Но сегодня она с самого начала, как только пришла сюда, почувствовала себя странно. Что-то в самой атмосфере парка изменилось. И запахи изменились, и звуки. В голове постоянно возникали какие-то непонятные образы, навеваемые этим парком.
Полина села на скамейку неподалеку от оркестра – оркестр тоже сегодня был каким-то другим: словно подменили музыкантов, оставив тот же состав инструментов и репертуар. Ей представилась девушка, чужая, незнакомая, она ее никогда в жизни не видела, которая сидит на этой самой скамейке и слушает этот самый оркестр. И так проникается музыкой, как Полина никогда проникнуться не могла. Звучит Хандошкин, простая, но берущая за душу вещь. Девушка начинает плакать. С ней что-то случилось перед тем, как она пришла в парк.

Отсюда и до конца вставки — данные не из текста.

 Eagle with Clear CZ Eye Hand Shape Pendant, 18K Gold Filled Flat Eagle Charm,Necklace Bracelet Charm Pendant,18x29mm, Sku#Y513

Полина встряхнулась, прогоняя наваждение. Оркестр играл Генделя. Менуэт. Она стала про себя подпевать, чтобы снова не очутиться в чуждом видении, заставила себя представить огромный зал, залитый светом свечей, танцующие пары… Но свечи вдруг одна за другой начали гаснуть, зал сжиматься, воздух стал затхлым и спертым – таким с непривычки и дышать невозможно, – пронеслась в голове фраза, сказанная кем-то другим. Лязгнул замок, тяжело, со скрипом открылась массивная дверь тюремной камеры.
Усилием воли Полина вернула себя в «танцующий» зал. В зеркалах отражались пары, держащиеся за руки, словно в детской игре. Свечи снова ярко горели. Дамы и их кавалеры старательно выполняли фигуры танца. Полина снова дирижировала своей фантазией – только бы не соскользнуть, только бы не сбиться с ритма, только бы не перепутать фигуры. Пока идет все хорошо…
Но вдруг с ужасающим грохотом разлетается зеркало. Осколки усеивают… не зал, а незнакомую комнату. И сразу за этим слышится чей-то отчаянный, страшный крик.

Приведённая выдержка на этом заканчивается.